Jean-Louis Thémis ne se contente pas de faire le bonheur de ceux à qui
il mitonne un plat. « Ma femme Lucie [Carrier] et moi, nous nous étions promis de bâtir un jour quelque chose de durable, se rappelle-t-il. Notre projet était un peu vague. L’année de nos 50 ans, nous avons fait le plongeon et créé notre ONG. Notre but : amener la cuisine à un autre niveau et faire des métiers culinaires un outil de lutte contre la pauvreté. » Cuisiniers sans frontières est ainsi né, en 2003.

Retour aux sources

Selon la culture malgache, un enfant du pays qui s’installe à l’étranger doit « faire valim-babena », c’est-à-dire s’acquitter d’une certaine dette morale envers son pays natal. Le couple a donc décidé que Cuisiniers sans frontières offrirait à Madagascar une formation d’apprenti cuisinier aux personnes démunies. « On donne la canne à pêche, pas le poisson », se plaît à dire Thémis.
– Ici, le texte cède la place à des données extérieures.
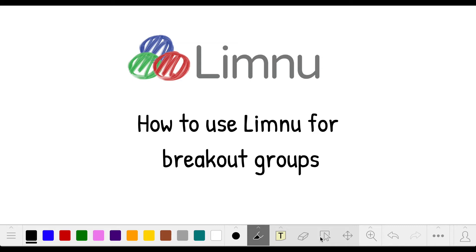Hello fellow whiteboarders! This is Jenny from Limnu. In this video,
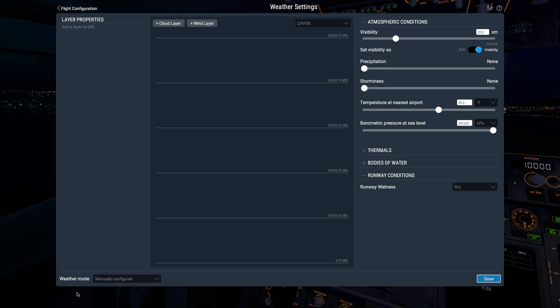X-Plane has three different weather modes, which you can set down here. Manually configured is what we're on now, and this mode allows you to adjust all the properties in this screen.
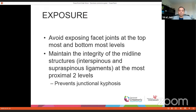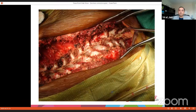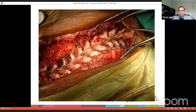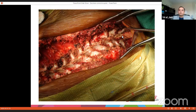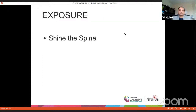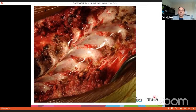Maintain the integrity of the midline structures at those two levels — it prevents junctional kyphosis both proximally and distally. As you can see in this example, the midline ligaments are intact at the very proximal level. My mentor used to say 'shine the spine' — essentially cleaning the spine of any soft tissues, which will help later on with fusion.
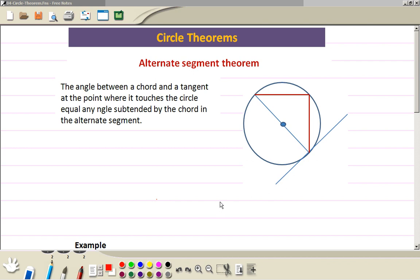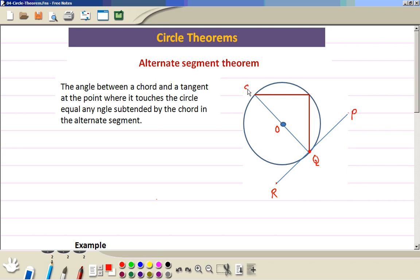Circle theorems — the alternate segment theorem. We label this circle and lines as follows: this is point P, this point where the line meets the circle is Q, and this point we can call R. This is the center of the circle. We can call this point S and T. Now, the alternate segment theorem involves this tangent here, making an angle with this chord QT.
En 2006, Chef Thémis perd sa compagne : Lucie Carrier est emportée par un cancer. Cuisiniers sans frontières poursuit néanmoins son œuvre. « Des religieuses m’ont aidé à sélectionner mes élèves, bien souvent recrutés alors qu’ils semblaient mendier. La plupart ont été embauchés quelque part tout de suite après la formation », rapporte fièrement Jean-Louis Thémis.

Cuisiniers sans frontières a ainsi assuré une présence non seulement à Madagascar, mais aussi au Bénin, au Burkina Faso et, plus récemment, à Haïti. « À Haïti, nous avons commencé dans un local minuscule, puis ça a fait boule de neige, relate le philanthrope. Il s’y fait même de l’alphabétisation ! Chaque gain est le fruit d’un effort immense, mais la récompense vaut mieux que n’importe quelle pilule ! »

En 2008, sa démarche novatrice a valu à Thémis d’être élu chef de l’année pour la région de Montréal. Et ce sera loin d’être le dernier honneur pour lui !

En ;2012, celui qui a tous les talents a publié On m’appelle Chef Thémis et j’aime ça, un recueil d’anecdotes et de recettes. En mai dernier, l’auteur a été invité à présenter la publication au Gourmand World Cookbook Awards 2014 tenu à Beijing. Il y a obtenu une autre reconnaissance : le prix « Amérique du Nord » dans la catégorie Humanitaire.

C’est clair : on a vraiment ici un cuisinier sans frontières.